El trecho retirado del sitio arriba discute la etimología de Itagüí. Los
eruditos están equivocados.
(Abaixo, tradução do trecho em questão)
Uno de los mitos que son soporte de la historiografía tradicional nel
municipio de Itagüí consiste en afirmar la existencia de una tribu indígena
llamada Bitagüí con su cacique Bitagüí. Sin embargo, en ninguna de las crónicas
aparece el nombre de ese cacique o tribu. Muchas de las nominaciones que los
españoles adaptaban de 1os indígenas, para las atribuir a un lugar, provenían
de confusiones lingüísticas que se daban nel encuentro. El primer saludo o la
primera palabra agresiva era entendido y adoptado, atribuyendo significados
distintos a los originales y permitiendo se transformar a través del tiempo.
Ese fue el caso de la palabra muisca,
que, según Graciliano Arcila, significaba blanco
y terminó siendo atribuida a las culturas indígenas de las tierras altas de
Cundinamarca y Boyacá. Puede pues el nombre Itagüí
provenir de cualquier parte, y aunque en algunos estudios se intenta, por
ejemplo, buscar palabras catías (Itahui:
Evitar, dejar en paz, apartar, abandonar) o chibchas (Ytiquyn: Dedo de la mano), esos estudios empero no se hicieron con rigurosidad
científica suficiente y con base en estudios comparativos antropológicos,
arqueológicos, lingüísticos o históricos que permitan demostrar que en esa
época de la conquista y principio de la colonia existía ya el nombre de Itagüí. Los hallazgos arqueológicos y,
en muchos casos, la guaquería realizada en Itagüí, hablan de la existencia de
asentamientos indígenas en la zona, pero no se dio importancia a la
investigación y al estudio riguroso de esos vestigios.

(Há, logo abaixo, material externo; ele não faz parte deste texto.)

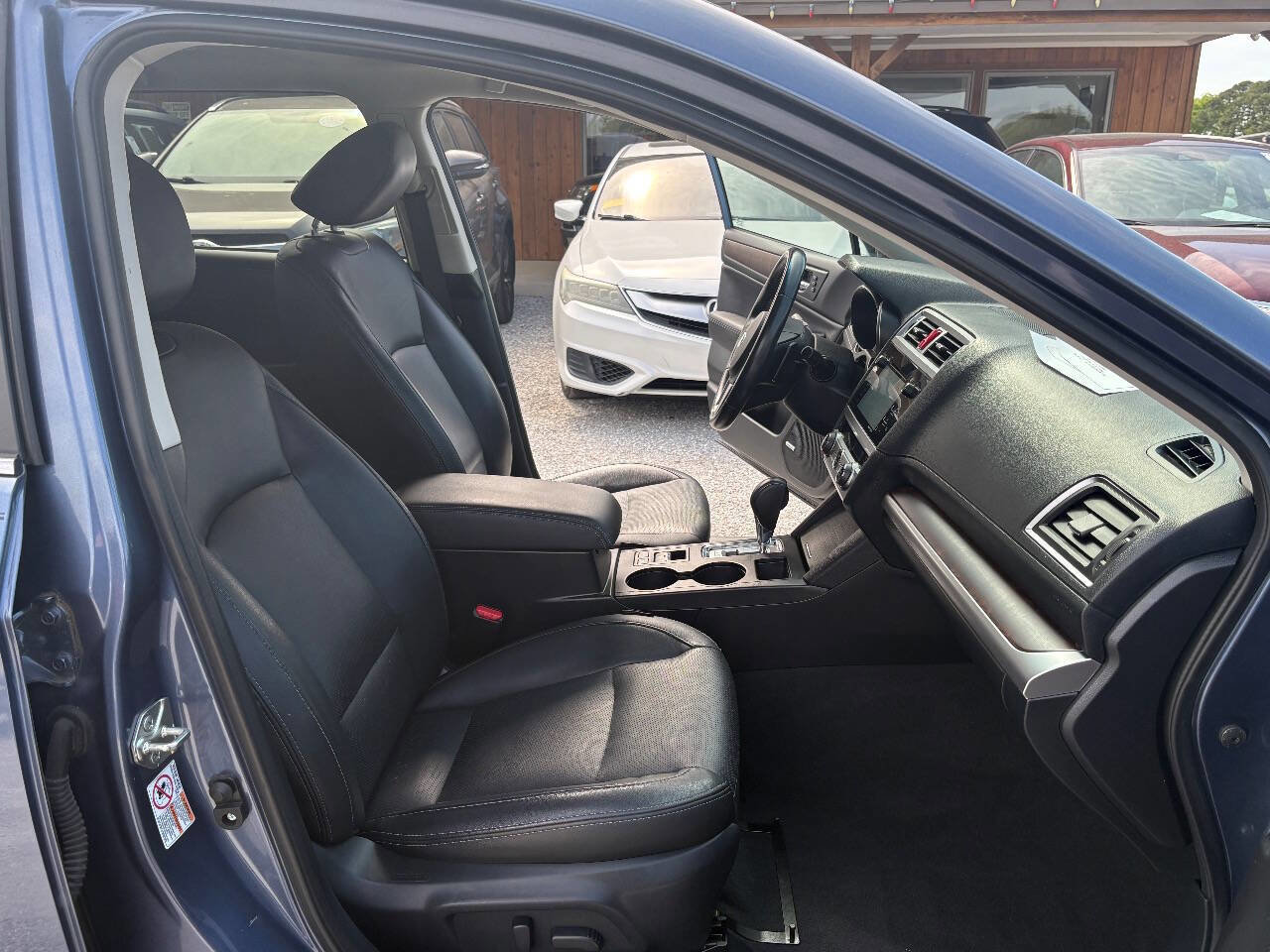Used 2015 Subaru Outback 2.5i Limited AWD/4WD image 27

Um dos mitos que são suporte
da historiografia tradicional no município de Itagüi consiste em afirmar a
existência duma tribo indígena chamada Bitagüi com seu cacique Bitagüi. Mas em
nenhuma crônica aparece o nome desse cacique ou tribo. Muitas das denominações
que os espanhóis adaptavam dos indígenas, pràs atribuir a um lugar, provinham
de confusões lingüísticas que ocorriam no encontro. O primeiro cumprimento ou a
primeira palavra agressiva era entendido e adotado, atribuindo significados diferentes
dos originais e permitindo se transformar através do tempo. Esse foi o caso da
palavra muisca, que, segundo
Graciliano Arcila, significava branco
e terminou sendo atribuída às culturas indígenas das terras altas de
Cundinamarca e Boiacá. Então o nome Itagüí
pode provir de qualquer parte, e se bem que nalguns estudos se tenta, por
exemplo, buscar palavras catias (Itahui:
Evitar, deixar em paz, apartar, abandonar) o chibchas (Ytiquyn: Dedo da mão), mas esses estudos não foram feitos com rigor científico
suficiente e com base em estudos comparativos antropológicos, arqueológicos,
lingüísticos ou históricos que permitam demonstrar que nessa época da conquista
e princípio da colônia já existia o nome de Itagüí.
Os achados arqueológicos e, em muitos casos, o garimpo realizado em Itagüí,
falam da existência de assentamentos indígenas na zona, mas não se deu importância
à investigação e ao estudo rigoroso desses vestígios.